Pharmaceutical companies are constantly working to create new marketable drugs; every so often, an entire class of prescription medication is introduced to the scene, the newest of which have been dubbed biologics. This category of drugs is quite different from other classifications in that they are manufactured from actual living organisms, thus steering away from the conventional, synthetic compositions long associated with the industry.
Biologics and benefit plans
Biologics account for a considerable portion of benefit plan expenditures. When talking about prescriptions that can cost upwards of $3,000 per month in some cases, it is no surprise that healthcare providers have kept a watchful, scrutinizing eye on their development.
The effect on premiums pertaining to biologics has been thoroughly studied as well, and for good reason. Many patients need to sample various kinds of these drugs before finding the one best suited to treat their health condition, which in turn drives up costs.

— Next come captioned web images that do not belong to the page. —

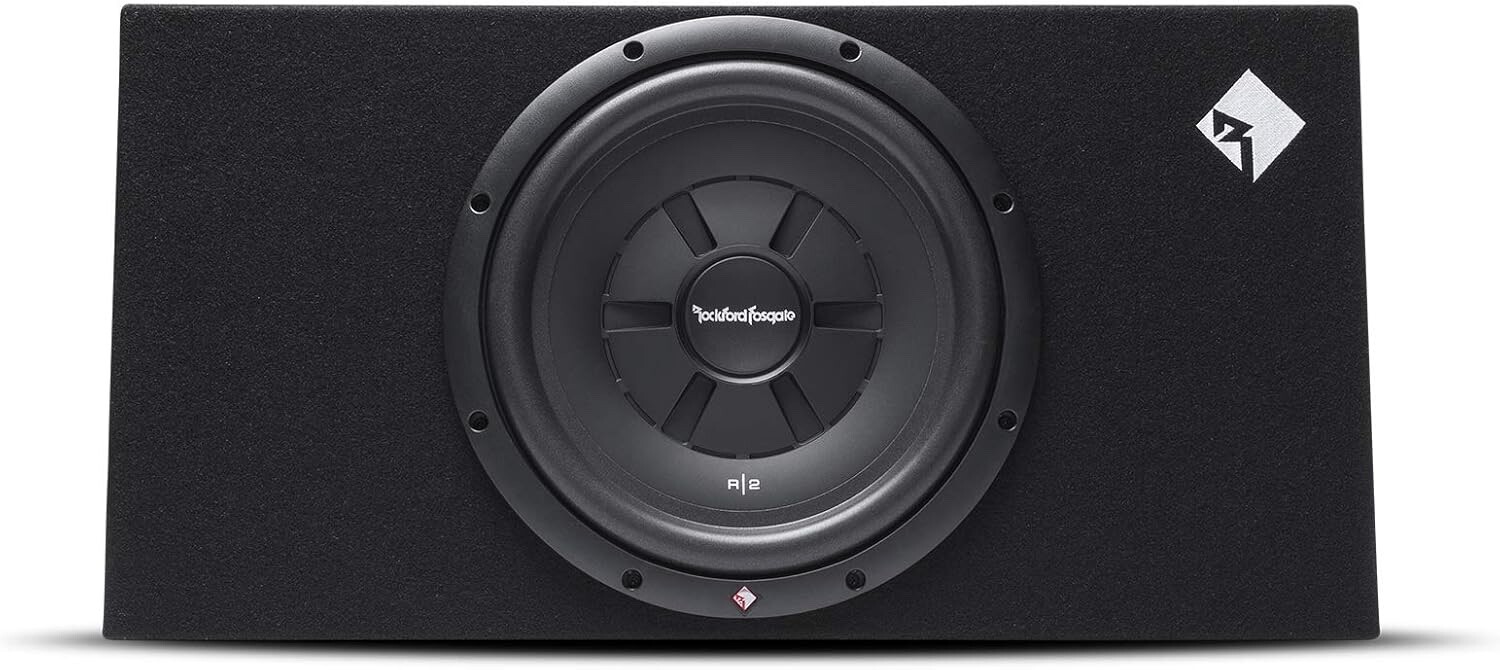 Rockford Fosgate R2S-1X12 12” Shallow Subwoofer 250W RMS Loaded Enclosure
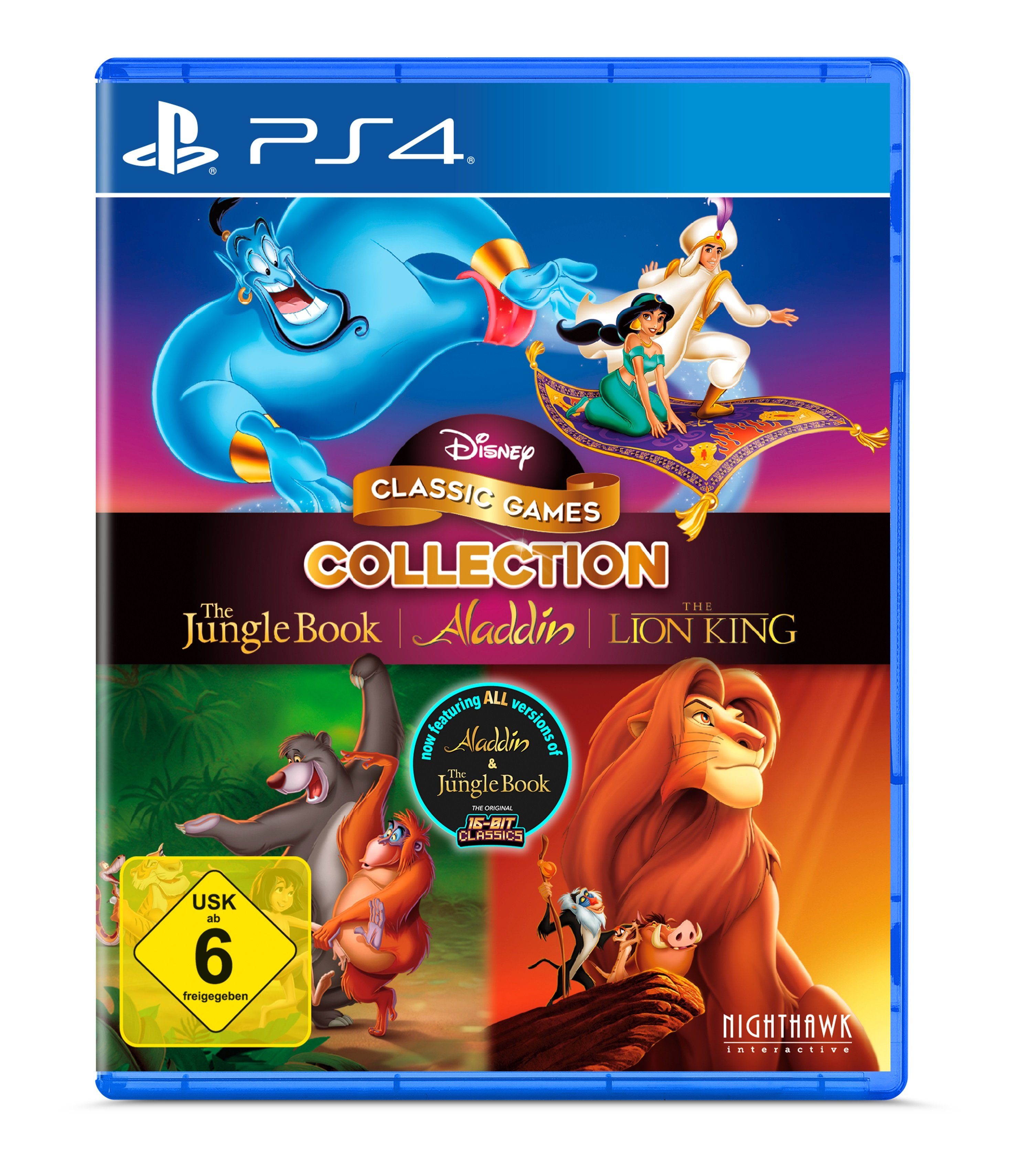 Classic Games - Jungle Book, Aladdin, Lion King PlayStation 4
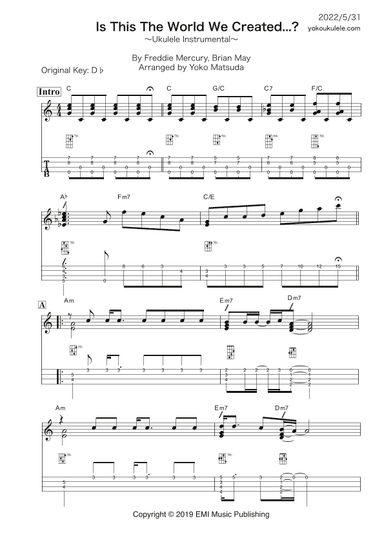 Is This The World We Created...? (arr. Yoko Matsuda)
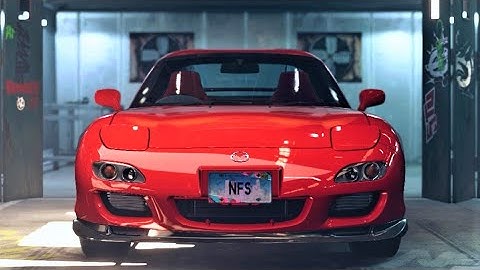 NFS Unbound - Mazda RX 7 Spirit R 2002 | Engine And Customization Showcase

To prevent the latter from getting out of control, a majority of benefit plan providers stipulate that patients must utilize the most cost-effective treatment available to them at the time, so as to keep premiums in check.

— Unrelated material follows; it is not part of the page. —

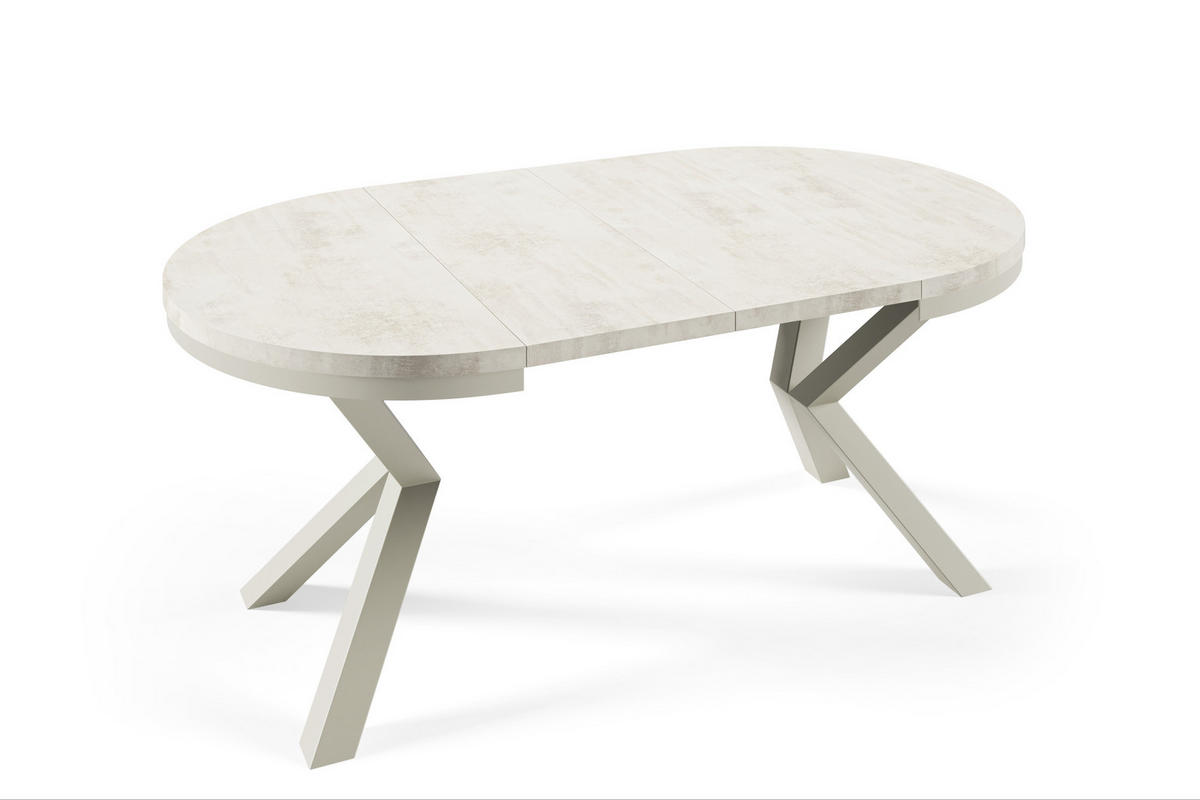 ESSTISCHE NORVIX - Kaschmir/Creme, Holzwerkstoff (100/100/76cm) - Meblini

Another way healthcare providers have reacted to the high cost of biologics is by presenting cheaper alternatives, namely the Subsequent Entry Biologic subset that typically run one-fifth less to manufacture. Immunomodulators and antineoplastics continue to be the one classification of biologics that have a major impact on drug benefit plans in Canada, each of which has been around since the turn of the millennium.
No one can deny the fact that these drugs have led to an increase in benefit plan costs, but it remains to be said that they are also needed by a sizable number of patients who are suffering from serious health conditions. Striking the balance between the types of drugs needed (including possible generics) and their associated costs with respect to benefit plans is crucial. Healthcare providers are inclined to revise existing policies to ensure they are in line with current pharmaceutical developments and marketplace demands.